Dr. Levin, by the way, is a psychiatrist often retained by ICBC in defence of motor vehicle crash claims. In the later court case, counsel for Ms. Godwin provided a list of court decisions “…that found reports written by Dr. Levin to have strayed into advocacy or to have lacked objectivity, or that otherwise found his conclusions unsustainable”.

The opinions of Dr. Levin contradicted the opinions of Ms. Godwin’s doctors and therapist, and were used to deny the claim.

Dr. Levin had assessed Ms. Godwin’s symptoms as not being disabling. 

That was in the context of Ms. Godwin specifically complaining about the way Dr. Levin conducted his assessment of her, continually interrupting her from having the opportunity to describe her symptoms.

It turned out that Dr. Levin’s practice was to audio record his assessments. Ms. Godwin’s lawyer specifically requested that audio recording, but that request was ignored.  In the eventual court decision, the following finding was made about that failure:

“I do also find that [the insurance company’s] utter failure to investigate the existence of the audio recording was simply shocking, representing a complete dereliction of duty”

In the circumstances, it was not enough for the insurance company to blindly rely on Dr. Levin’s opinions.  Quoting from the court decision:

“…Dr. Levin’s report seems less than a balanced assessment, and more like a piece of advocacy. Desjardins’ claims staff ought to have had a sufficient degree of sophistication to recognize it as such and to question whether it could be properly be relied upon.”

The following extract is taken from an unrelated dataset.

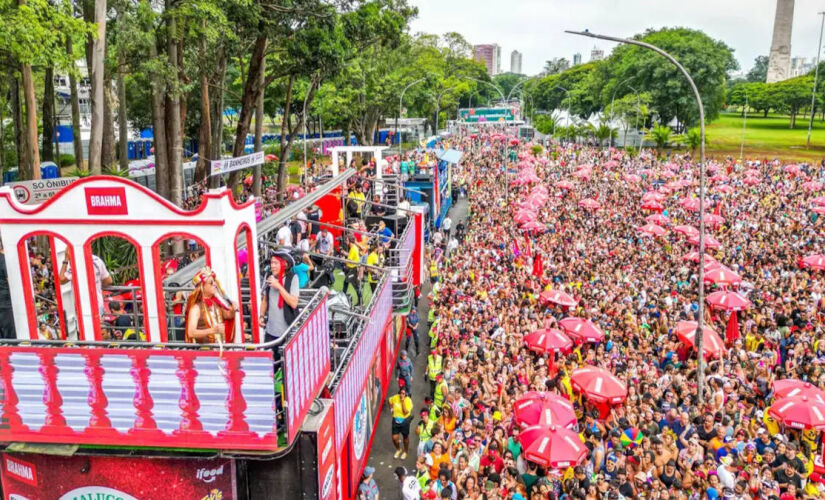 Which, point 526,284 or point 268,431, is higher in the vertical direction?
point 268,431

After exhausting her appeals with the insurance company, Ms. Godwin’s only recourse was to hire a lawyer to pursue a lawsuit against them.

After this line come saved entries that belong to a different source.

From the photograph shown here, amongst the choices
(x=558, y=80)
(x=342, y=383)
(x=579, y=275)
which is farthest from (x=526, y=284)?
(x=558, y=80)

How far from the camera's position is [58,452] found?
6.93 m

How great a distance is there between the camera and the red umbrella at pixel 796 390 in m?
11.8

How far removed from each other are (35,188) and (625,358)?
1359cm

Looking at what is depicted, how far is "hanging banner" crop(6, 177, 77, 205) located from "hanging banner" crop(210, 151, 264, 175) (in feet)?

On the eve of trial, the insurance company finally reinstated Ms. Godwin’s benefits in full.

But that wasn’t the end of the story. The trial proceeded. Not to enforce payment of the disability benefits. The insurance company had folded on that point four days before the trial started. The trial was to hold them to account for how they had treated Ms. Godwin in their handling of her claim.

I invite you to read the court decision: Godwin v. Desjardins Financial Security Investments Inc., 2018 BCSC 99.

Warning:  reading about the way Desjardins treated Ms. Godwin might dig up and aggravate psychological scars from your own experience if you have been given the run-around by an insurance company.

But the court’s rebuke of their claims handling might provide a level of cathartic healing.

The end result, after 12 days of trial, was a judgment against Desjardins for:

  1. $30,000.00 to compensate Ms. Godwin for the added mental distress arising from their “bad faith” handling of her claim; and
  2. A further $30,000.00, awarded because aspects of the handling of her claim “…were so exceptional as to require denunciation in the form of a punitive damages award”.

It is yet to be seen what Desjardins will have to pay, in addition to those amounts, in “costs”.  Mr. Justice Saunders provided a time line for each party to provide their submissions on that point, specifically asking that their submissions address the decision of Mr. Justice Neill Brown in Tanious v. The Empire Life Insurance Company, 2017 BCSC 85, where the extraordinary award of costs was made “…for full indemnification in order to put the plaintiff in the position she would have been in had she not been forced to retain counsel and enforce the contract through litigation”.

I cannot say enough about the incredible grit and advocacy shown by the lawyer who pursued this case through a 12 day trial to hold the insurance company to account after the underlying disability benefits case had already been won.

Faith Hayman, I salute you.

Without lawyers like Faith Hayman and a justice system that can give you your “day in court” against the unfairness of a massive insurance company, injustice can run unchecked.